If ? as null in the metadata is still the case for the next grambank release, then packages like rcldf will (hopefully) respect that when making the tables and ? will turn into NA. For some grambank purposes, this will get confusing. We'll have to write silly things like "if NA/NULL in longtable, turn into ? after rcldf::cldf has read in the dataset and rendered tables. To me, that's not very nice - especially considering that ?has been a defined category since the start of Grambank.

Ever since the stabilisation of the grambank questionnaire, we have explicitly throughout the entire data-gathering process treated ? as a value for any Grambank feature that means "attempted to answer, but this/these specific description(s) in the source field didn't contain the information/enough information to make a call". I don't know if that is well-defined enough for you @xrotwang , but that is the way it's worked since the inception of Grambank.

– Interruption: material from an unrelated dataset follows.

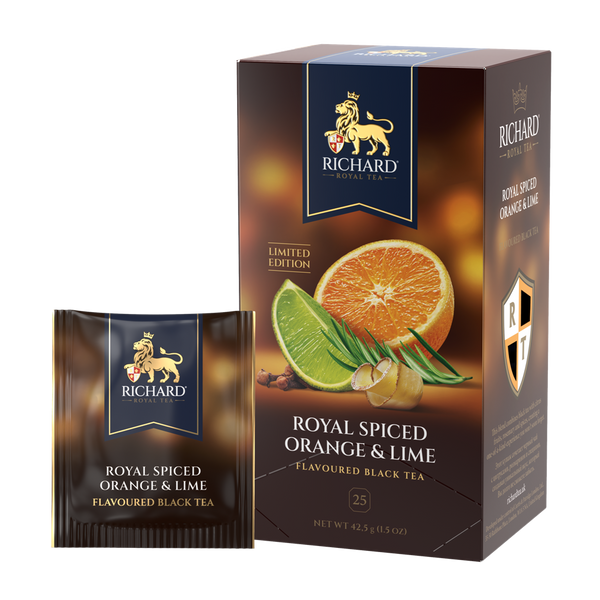 Чай Richard "ROYAL SPICED ORANGE & LIME" чай чёрный ароматизированный в формате 25 саш. ID999MARKET_6792610 foto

xrotwang commented 11 months ago

It's not well-defined, because it doesn't mean that all languages with a ? for feature X have anything in common. Thus, it is not a category like "Language has Y" or "Language has no Y".

So, I'd argue that obfuscation happens, when ? looks like just another category, and isn't explicitly labeled as "cannot be used for analysis without conscious decision". The way to explicitly label data as "cannot be used for analysis without decision" is NA, or null or None - whatever this concept is called in the computing environment.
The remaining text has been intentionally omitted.